This argument is without merit because the district court did not include the 1451.5 grams of cocaine seized on February 25 in its calculation. During sentencing, the court stated that "[a]s to the 2/25 occurrence, I am not satisfied that that does meet the standards of United States v. Hahn of regularity, similarity, and temporal proximity." In its written findings of fact, the court stated that "the total controlled substance from the 5/30/91, 7/22/91, 9/4/91, 10/4/91, 10/8/91, and 10/11/91 transactions is 3931.9 grams." The amounts of cocaine attributed to the six transactions listed by the court total exactly 3931.9 grams. Thus, it is clear that the district court did not include the February 25 cocaine in its sentencing calculation.
C. Inclusion of Cocaine from October 8 Transaction
Martinez-Guzman argues that the district court erred by including in its sentencing calculation the quantity of cocaine found in a car driven by Cipriano Flores-Pelayo on October 8, 1991. This is a factual question, which we review for clear error. Torres-Rodriguez, 930 F.2d at 1389.

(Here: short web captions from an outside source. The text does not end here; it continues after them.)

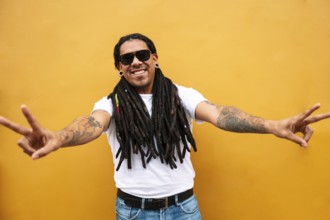 A cheerful man with long dreadlocks and tattoos poses against a vibrant yellow wall in Barranco,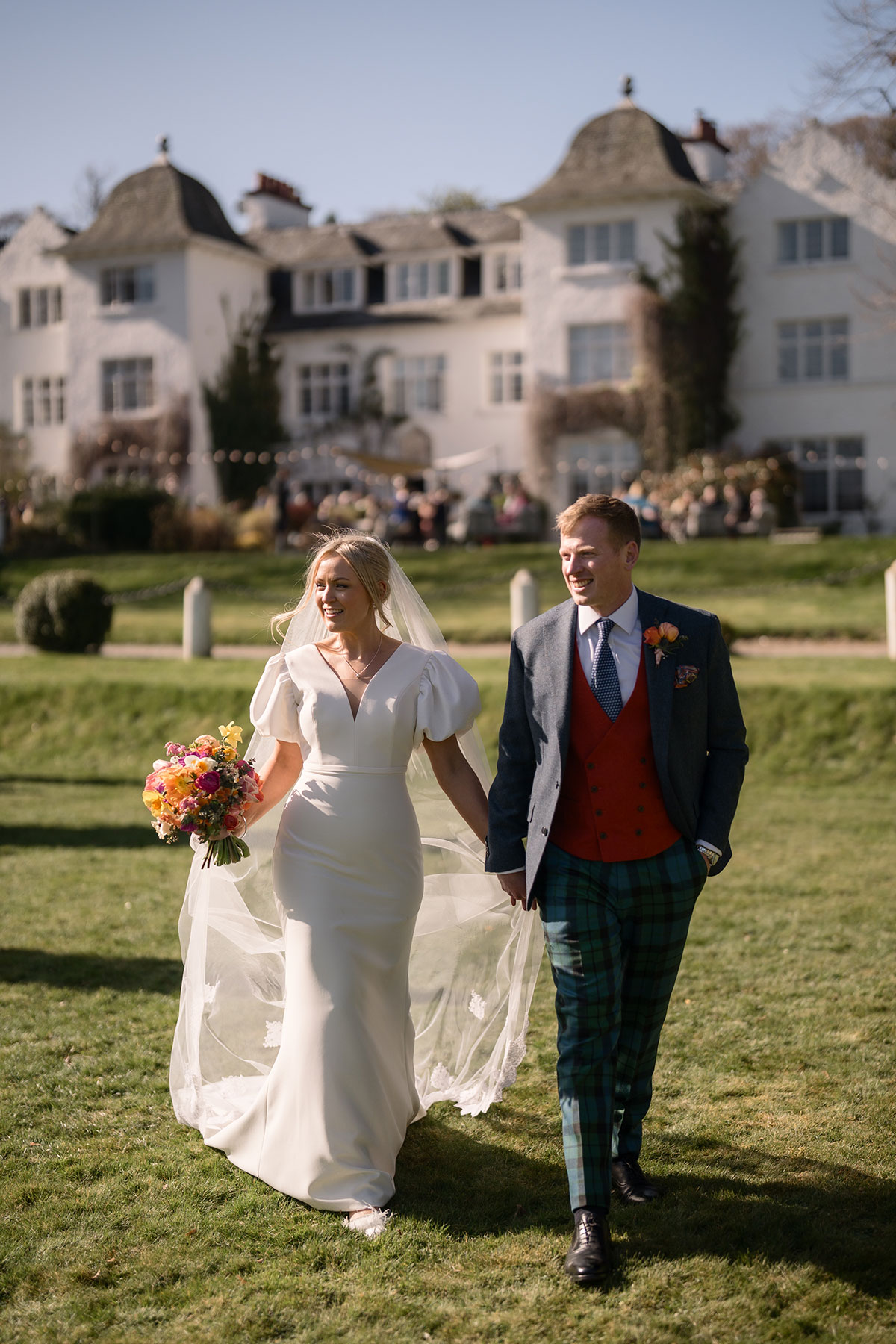 bride and groom in focus as guests party in the background during wedding at achnagairn castle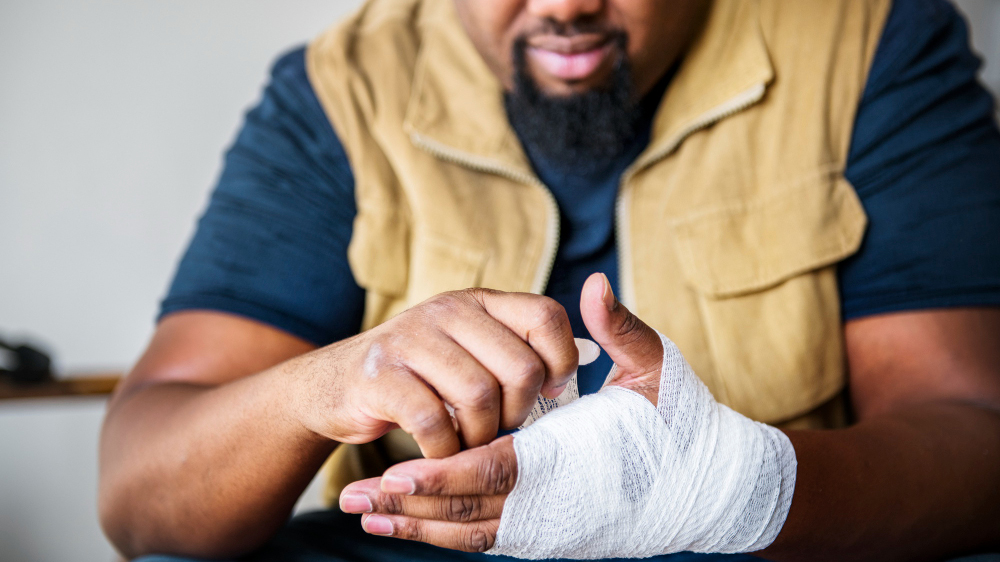 Man wrapping a bandage around his injured hand and wrist, representing how a pre-existing injury can complicate a personal injury claim.
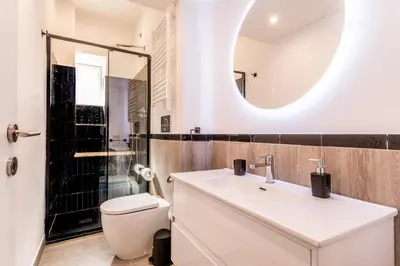 a bathroom with a sink and a toilet and a mirror at Elena's house in Rome
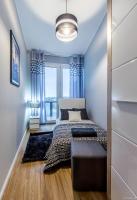 Posteľ alebo postele v izbe v ubytovaní ClickTheFlat Tamka Street Apart Rooms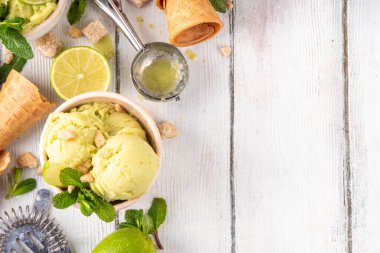Yaz ferahlatıcı soğuk tatlı, lezzetli aromatik mojito veya limonlu turtalı dondurma, seramik kasede mojito kokteyli aromalı ev yapımı şerbet, taze limon, nane, ahşap zemin üzerinde waffle konileri.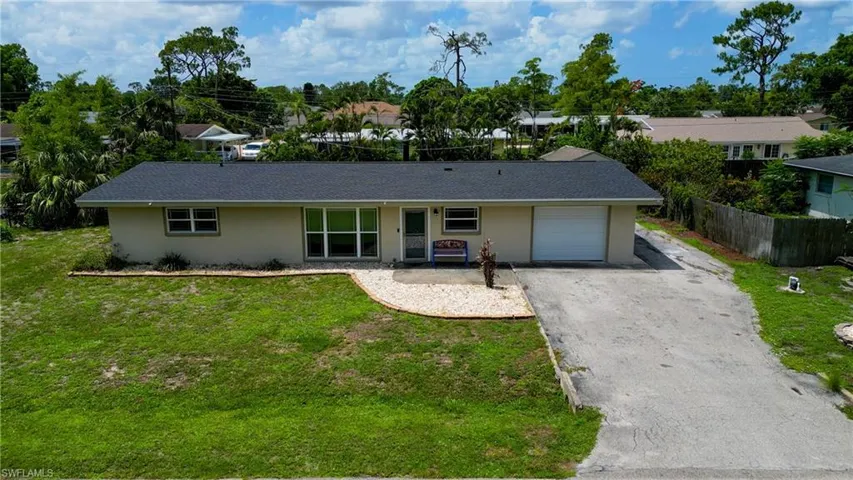 Ranch-style house with an attached garage, asphalt driveway, stucco siding, and a shingled roof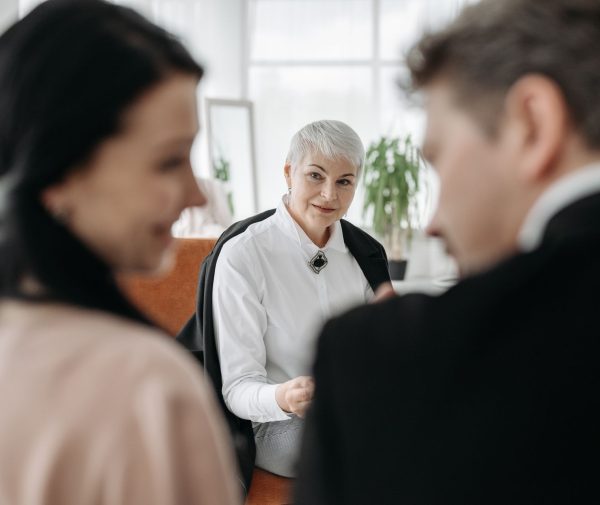 A couple meeting with a neutral professional during a collaborative divorce in North Carolina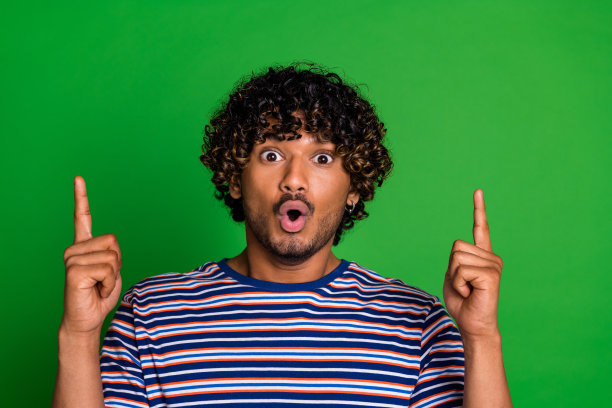 令人印象深刻的好男人的照片，穿着时髦的条纹衣服，在绿色背景上提供孤立的空白空间图片下载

Portland police officers arrested Flores-Pelayo on October 7, 1991, after a traffic stop. Police found one kilogram of cocaine in his car. At trial, Flores-Pelayo testified that he received the cocaine from defendant, whom he knew as "Manuel Martinez." The district court, on the basis of Flores-Pelayo's testimony, included the one kilogram of cocaine in its sentencing calculation. At the sentencing hearing the court found that:
In relation to the 1000, the kilograms that Pelayo testified he purchased from Mr. Guzman. I was satisfied with his credibility. I was satisfied that the very close similarity of the names and the statement of the police officer and the true name of Mr. Guzman could well have been either a misunderstanding at the time between the officer and Mr. Pelayo, who spoke different languages, or was, in fact, a misinterpretation of what was said. I was satisfied with Mr. Flores-Pelayo's testimony. I believe the jury found him credible in his work as an informant. And I found him credible.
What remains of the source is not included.